Weekday Vegetarian Thanksgiving: Harissa


Photo: Kelly Rossiter

In addition to the gravy for the tofu cake, I wanted to make a sauce for the vegetable tagine.

The tagine has lots of spice in it, but it's not at all hot. My son is a great afficiando of hot foods, so this was an easy way to accommodate people who's tolerance of heat might not as great as his. Just a spoonful was all that was needed for most of the guests.
This is super easy and takes just a couple of minutes to make. If you have leftovers, harissa is a wonderful thing to have with falafels. I also used some of it when I turned the tagine into soup. Chilies vary wildly in heat, so I started out with one chili at a time and then tasted the harissa. As it turned out, I used all five of the chilies. You can make this days in advance, and just keep it in the refrigerator, but be aware that it may get hotter as it sits for a couple of days.


Photo: Lloyd Alter

My husband was amused by my menu posted on the refrigerator, (which I always do) so he took a picture of it. Of course, the fridge magnet is always amusing, and too true.
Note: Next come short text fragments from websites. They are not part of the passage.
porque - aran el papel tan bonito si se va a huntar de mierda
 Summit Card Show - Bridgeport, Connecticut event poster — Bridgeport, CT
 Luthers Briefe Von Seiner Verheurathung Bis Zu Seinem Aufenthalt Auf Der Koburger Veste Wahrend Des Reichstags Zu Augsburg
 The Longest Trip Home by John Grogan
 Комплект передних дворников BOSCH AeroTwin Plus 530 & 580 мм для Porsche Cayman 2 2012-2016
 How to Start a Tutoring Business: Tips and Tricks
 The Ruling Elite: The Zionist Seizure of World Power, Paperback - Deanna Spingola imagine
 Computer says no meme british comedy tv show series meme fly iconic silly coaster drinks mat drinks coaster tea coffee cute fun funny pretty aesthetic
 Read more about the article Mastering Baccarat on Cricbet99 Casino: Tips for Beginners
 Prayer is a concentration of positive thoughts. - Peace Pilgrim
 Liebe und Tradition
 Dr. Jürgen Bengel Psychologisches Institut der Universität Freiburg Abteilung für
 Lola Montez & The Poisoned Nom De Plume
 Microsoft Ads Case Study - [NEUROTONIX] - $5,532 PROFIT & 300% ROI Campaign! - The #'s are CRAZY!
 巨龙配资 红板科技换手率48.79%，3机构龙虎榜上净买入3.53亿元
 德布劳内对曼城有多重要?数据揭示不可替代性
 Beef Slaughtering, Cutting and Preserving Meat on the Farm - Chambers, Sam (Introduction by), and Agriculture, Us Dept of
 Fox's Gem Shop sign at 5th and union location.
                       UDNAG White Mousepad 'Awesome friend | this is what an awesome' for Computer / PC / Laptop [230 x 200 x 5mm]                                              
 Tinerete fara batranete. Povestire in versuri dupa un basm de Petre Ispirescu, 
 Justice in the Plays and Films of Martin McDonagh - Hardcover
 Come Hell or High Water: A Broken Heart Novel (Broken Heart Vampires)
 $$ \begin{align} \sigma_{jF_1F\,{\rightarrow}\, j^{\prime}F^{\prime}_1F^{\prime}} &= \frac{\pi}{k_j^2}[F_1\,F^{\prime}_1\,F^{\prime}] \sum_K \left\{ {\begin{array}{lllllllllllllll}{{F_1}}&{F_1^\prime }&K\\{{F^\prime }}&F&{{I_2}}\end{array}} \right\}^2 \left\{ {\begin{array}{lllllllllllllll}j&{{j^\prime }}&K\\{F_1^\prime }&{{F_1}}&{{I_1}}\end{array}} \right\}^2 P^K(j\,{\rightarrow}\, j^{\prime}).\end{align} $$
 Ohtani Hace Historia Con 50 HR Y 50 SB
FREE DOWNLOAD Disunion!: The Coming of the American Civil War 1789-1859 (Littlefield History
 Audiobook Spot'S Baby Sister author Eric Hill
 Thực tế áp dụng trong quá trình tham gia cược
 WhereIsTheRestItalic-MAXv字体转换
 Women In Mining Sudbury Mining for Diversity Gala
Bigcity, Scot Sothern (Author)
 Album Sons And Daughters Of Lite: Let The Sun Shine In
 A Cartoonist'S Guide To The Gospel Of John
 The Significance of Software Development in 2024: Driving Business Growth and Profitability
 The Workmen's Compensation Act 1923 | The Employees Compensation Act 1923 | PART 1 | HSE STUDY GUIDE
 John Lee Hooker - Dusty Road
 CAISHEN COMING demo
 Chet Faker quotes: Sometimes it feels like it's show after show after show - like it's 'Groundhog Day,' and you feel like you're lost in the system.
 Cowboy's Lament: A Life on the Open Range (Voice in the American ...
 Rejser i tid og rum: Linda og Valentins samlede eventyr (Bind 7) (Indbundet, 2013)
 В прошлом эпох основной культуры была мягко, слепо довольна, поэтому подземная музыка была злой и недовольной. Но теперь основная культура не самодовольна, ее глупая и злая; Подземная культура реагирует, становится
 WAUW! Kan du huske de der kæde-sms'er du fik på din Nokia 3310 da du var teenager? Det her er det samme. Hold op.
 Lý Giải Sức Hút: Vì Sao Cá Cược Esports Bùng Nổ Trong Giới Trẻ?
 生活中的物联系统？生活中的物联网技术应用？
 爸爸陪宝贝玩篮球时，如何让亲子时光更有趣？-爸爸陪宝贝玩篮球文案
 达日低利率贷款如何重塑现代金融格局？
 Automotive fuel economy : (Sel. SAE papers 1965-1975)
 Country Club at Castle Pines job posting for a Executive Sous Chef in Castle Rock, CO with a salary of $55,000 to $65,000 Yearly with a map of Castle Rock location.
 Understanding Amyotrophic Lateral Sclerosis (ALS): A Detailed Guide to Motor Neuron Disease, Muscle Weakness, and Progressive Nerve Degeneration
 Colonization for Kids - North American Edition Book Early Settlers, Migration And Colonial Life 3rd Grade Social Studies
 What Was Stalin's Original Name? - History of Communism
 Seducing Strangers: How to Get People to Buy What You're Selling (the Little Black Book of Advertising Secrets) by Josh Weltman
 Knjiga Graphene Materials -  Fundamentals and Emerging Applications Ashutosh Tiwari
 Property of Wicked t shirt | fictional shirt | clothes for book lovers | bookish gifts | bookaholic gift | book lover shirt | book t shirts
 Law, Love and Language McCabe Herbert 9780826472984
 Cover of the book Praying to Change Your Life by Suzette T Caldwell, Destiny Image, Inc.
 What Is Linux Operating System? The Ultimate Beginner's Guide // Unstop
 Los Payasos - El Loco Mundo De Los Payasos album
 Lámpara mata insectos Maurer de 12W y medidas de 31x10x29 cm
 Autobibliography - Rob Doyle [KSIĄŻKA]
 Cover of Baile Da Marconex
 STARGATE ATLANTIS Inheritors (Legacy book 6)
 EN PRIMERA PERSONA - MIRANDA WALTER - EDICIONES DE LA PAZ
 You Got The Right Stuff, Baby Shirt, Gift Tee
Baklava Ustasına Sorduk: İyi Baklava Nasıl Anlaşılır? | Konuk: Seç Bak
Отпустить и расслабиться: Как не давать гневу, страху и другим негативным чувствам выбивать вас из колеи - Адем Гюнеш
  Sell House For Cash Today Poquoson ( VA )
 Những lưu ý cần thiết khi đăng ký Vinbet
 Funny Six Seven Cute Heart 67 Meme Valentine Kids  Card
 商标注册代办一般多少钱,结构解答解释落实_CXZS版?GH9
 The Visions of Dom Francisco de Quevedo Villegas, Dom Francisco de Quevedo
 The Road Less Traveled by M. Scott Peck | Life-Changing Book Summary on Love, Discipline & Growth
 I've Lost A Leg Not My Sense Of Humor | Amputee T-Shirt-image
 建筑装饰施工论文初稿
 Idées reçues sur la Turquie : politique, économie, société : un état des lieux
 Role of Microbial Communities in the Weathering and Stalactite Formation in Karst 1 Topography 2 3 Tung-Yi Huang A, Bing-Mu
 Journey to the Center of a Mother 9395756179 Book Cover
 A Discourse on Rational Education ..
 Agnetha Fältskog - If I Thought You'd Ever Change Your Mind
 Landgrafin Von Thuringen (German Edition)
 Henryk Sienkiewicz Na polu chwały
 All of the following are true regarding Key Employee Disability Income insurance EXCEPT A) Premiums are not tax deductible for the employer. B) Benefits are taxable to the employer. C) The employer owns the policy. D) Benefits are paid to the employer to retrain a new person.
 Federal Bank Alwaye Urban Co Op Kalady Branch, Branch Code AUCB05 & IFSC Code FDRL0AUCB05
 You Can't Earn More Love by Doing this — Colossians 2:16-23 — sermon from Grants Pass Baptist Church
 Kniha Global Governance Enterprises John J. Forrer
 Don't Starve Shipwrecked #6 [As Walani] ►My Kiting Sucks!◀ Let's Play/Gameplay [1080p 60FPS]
This is from the website Stone Soup, where the author makes all of her recipes using only five ingredients. It's a brilliant site, and very informative.

Harissa

1 jar roasted red peppers (250g / 9oz), drained
5 small red chillies,
1 teaspoon smoked paprika
2 teaspoons caraway seeds
1 tablespoon lemon juice

1. Place peppers, chilli, paprika, caraway seeds and lemon juice in a food processor. Whizz until you have a smooth-ish paste.

2. Stir through 3 tablespoons extra virgin olive oil. Taste and season.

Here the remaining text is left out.